If this test is ordered with TERTD / TERT Promoter Mutation Analysis, Droplet Digital PCR, Tumor, this test will be canceled and IDTRT / IDH1, IDH2, and TERT Mutation Analysis, Next-Generation Sequencing, Tumor will be ordered.

 

Multiple oncology (cancer) gene panels are available. For more information see Hematology, Oncology, and Hereditary Test Selection Guide.



Necessary Information


A pathology report (final or preliminary), at minimum containing the following information, must accompany specimen for testing to be performed:

1. Patient name

2. Block number-must be on all blocks, slides, and paperwork (can be handwritten on the paperwork)

3. Tissue collection date

4. Source of the tissue



Specimen Required


This assay requires at least 20% tumor nuclei.
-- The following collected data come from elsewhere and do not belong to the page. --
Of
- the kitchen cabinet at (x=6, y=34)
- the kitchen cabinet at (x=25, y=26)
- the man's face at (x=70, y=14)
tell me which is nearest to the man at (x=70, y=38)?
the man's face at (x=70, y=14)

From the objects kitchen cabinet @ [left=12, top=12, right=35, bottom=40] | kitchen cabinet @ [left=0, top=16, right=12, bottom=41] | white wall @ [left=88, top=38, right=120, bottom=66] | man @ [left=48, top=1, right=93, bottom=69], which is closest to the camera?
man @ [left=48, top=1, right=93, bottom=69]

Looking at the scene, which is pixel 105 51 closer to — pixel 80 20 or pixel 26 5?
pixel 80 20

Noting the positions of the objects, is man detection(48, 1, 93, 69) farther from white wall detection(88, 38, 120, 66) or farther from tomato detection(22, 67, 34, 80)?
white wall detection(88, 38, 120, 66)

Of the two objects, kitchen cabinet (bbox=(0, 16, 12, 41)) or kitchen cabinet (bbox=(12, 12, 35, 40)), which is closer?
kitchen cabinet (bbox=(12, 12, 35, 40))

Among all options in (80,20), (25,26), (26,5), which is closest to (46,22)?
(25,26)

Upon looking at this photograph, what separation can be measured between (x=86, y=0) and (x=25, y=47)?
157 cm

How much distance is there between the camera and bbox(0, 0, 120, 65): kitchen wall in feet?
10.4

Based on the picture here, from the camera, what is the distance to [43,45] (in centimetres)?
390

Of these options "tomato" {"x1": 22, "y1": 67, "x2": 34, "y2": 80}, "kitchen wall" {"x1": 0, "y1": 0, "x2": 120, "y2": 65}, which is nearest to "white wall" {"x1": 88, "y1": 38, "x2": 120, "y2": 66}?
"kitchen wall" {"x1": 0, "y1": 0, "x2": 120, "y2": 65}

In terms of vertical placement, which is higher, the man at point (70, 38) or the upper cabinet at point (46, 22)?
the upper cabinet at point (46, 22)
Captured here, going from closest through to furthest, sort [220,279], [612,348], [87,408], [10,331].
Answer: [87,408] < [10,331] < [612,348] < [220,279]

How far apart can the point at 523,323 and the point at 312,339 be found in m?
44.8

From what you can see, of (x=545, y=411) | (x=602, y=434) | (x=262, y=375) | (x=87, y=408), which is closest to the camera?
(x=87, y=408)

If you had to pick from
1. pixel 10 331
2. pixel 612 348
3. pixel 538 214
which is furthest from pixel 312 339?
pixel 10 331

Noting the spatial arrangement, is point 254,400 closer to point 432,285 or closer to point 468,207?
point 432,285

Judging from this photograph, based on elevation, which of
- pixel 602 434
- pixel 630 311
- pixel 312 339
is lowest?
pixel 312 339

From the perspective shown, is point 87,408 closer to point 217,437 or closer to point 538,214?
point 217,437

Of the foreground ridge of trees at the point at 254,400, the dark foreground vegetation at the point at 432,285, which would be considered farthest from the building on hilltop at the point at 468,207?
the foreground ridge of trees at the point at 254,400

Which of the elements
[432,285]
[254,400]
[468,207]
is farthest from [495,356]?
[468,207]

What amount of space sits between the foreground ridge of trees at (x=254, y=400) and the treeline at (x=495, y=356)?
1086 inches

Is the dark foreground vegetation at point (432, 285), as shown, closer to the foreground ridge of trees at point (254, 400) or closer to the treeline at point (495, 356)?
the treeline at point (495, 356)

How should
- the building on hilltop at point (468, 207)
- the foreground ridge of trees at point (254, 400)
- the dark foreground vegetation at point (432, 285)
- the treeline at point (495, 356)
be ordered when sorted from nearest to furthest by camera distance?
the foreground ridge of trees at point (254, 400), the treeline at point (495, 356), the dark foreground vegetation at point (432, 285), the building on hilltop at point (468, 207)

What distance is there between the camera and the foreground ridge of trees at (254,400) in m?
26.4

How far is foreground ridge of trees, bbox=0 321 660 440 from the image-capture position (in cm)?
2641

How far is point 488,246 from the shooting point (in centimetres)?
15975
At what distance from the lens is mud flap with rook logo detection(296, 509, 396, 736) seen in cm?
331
-Preferred amount of tumor area with sufficient percent tumor nuclei: tissue 216 mm(2)

-Minimum amount of tumor area: tissue 36 mm(2)
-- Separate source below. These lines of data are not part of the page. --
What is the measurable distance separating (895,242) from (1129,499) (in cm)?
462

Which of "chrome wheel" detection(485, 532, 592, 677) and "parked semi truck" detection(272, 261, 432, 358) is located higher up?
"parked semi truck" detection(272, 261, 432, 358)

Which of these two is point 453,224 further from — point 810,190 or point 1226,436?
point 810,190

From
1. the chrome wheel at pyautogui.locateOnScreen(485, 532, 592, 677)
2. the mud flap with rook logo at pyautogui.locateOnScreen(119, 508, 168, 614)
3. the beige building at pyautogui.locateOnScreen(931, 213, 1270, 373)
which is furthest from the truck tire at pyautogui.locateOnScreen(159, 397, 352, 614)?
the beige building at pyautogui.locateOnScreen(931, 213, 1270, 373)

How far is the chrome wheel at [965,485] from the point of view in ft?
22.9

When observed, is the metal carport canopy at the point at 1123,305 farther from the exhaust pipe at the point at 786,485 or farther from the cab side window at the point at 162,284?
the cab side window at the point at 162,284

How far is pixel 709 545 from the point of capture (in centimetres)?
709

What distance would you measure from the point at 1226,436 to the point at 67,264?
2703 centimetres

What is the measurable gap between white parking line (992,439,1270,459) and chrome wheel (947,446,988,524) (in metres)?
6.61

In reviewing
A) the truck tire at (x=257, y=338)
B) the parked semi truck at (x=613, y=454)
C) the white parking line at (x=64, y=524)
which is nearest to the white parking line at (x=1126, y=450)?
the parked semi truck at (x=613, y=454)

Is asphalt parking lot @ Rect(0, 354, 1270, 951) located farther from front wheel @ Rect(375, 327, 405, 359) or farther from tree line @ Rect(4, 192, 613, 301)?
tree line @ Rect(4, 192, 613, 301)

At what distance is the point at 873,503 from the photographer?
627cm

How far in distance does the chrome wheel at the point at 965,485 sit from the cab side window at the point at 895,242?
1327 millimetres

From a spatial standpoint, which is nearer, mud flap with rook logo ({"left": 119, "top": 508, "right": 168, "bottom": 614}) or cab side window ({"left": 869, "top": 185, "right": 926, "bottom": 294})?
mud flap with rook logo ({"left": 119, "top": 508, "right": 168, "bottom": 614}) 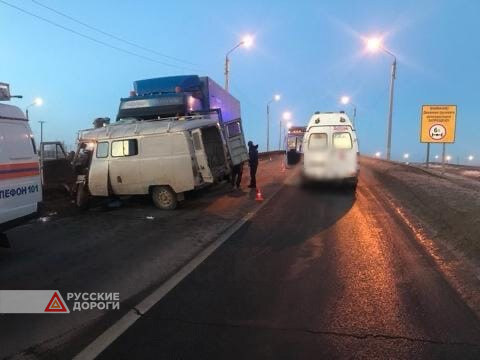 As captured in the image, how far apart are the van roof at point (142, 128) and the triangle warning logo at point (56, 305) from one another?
8007mm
-These amounts are cumulative over up to 10 unstained slides and must have adequate percent tumor nuclei.

-Tissue fixation: 10% neutral buffered formalin, not decalcified

-For specimen preparation guidance, see Tissue Requirements for Solid Tumor Next-Generation Sequencing. In this document, the sizes are given as 4 mm x 4 mm x 10 slides as preferred: approximate/equivalent to 144 mm(2) and the minimum as 3 mm x 1 mm x 10 slides: approximate/equivalent to 36 mm(2).

 

Preferred:

Specimen Type: Tissue block

Collection Instructions: Submit a formalin-fixed, paraffin-embedded tissue block with acceptable amount of tumor tissue.

 

Acceptable:

Specimen Type: Tissue slides

Slides: 1 Stained and 10 unstained

Collection Instructions: Submit 1 slide stained with hematoxylin and eosin and 10 unstained, nonbaked slides wit 5-micron thick sections of the tumor tissue.

Note: The total amount of required tumor nuclei can be obtained by scraping up to 10 slides from the same block.

Additional Information: Unused unstained slides will not be returned.

 

Specimen Type: Cytology slides (direct smears or ThinPrep)

Slides: 1 to 3 Slides

Collection Instructions: Submit 1 to 3 slides stained and coverslipped with a preferred total of 5000 nucleated cells, or a minimum of at least 3000 nucleated cells.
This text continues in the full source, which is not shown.